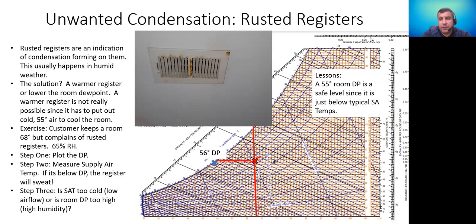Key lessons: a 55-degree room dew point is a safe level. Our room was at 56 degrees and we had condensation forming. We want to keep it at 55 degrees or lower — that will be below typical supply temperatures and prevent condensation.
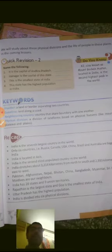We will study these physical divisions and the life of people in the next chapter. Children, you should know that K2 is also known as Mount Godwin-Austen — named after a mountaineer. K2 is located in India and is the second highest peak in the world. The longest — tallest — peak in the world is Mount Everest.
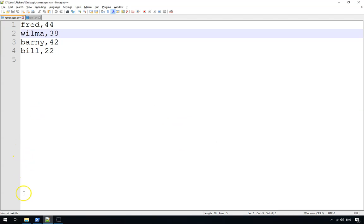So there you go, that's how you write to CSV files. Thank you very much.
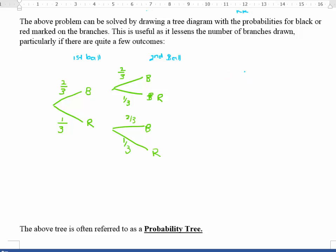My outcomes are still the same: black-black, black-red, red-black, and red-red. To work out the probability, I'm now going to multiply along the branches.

━━━━━━━━

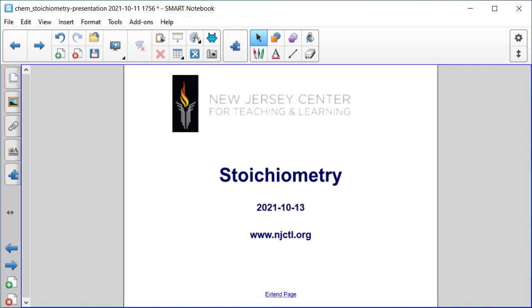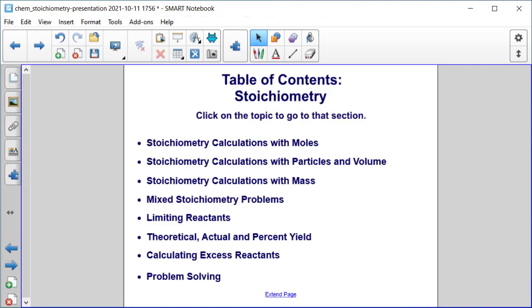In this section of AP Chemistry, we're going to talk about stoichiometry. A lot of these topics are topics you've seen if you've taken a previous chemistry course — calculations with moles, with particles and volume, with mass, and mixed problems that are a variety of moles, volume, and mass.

━━━━━━━━

Above are some records; quote exactly and only the lines that begin at the line containing "Key lessons: a" and stop after the line containing "My outcomes are", leaving out the pictures.

Key lessons: a 55-degree room dew point is a safe level. Our room was at 56 degrees and we had condensation forming. We want to keep it at 55 degrees or lower — that will be below typical supply temperatures and prevent condensation.
We will study these physical divisions and the life of people in the next chapter. Children, you should know that K2 is also known as Mount Godwin-Austen — named after a mountaineer. K2 is located in India and is the second highest peak in the world. The longest — tallest — peak in the world is Mount Everest.
So there you go, that's how you write to CSV files. Thank you very much.
My outcomes are still the same: black-black, black-red, red-black, and red-red. To work out the probability, I'm now going to multiply along the branches.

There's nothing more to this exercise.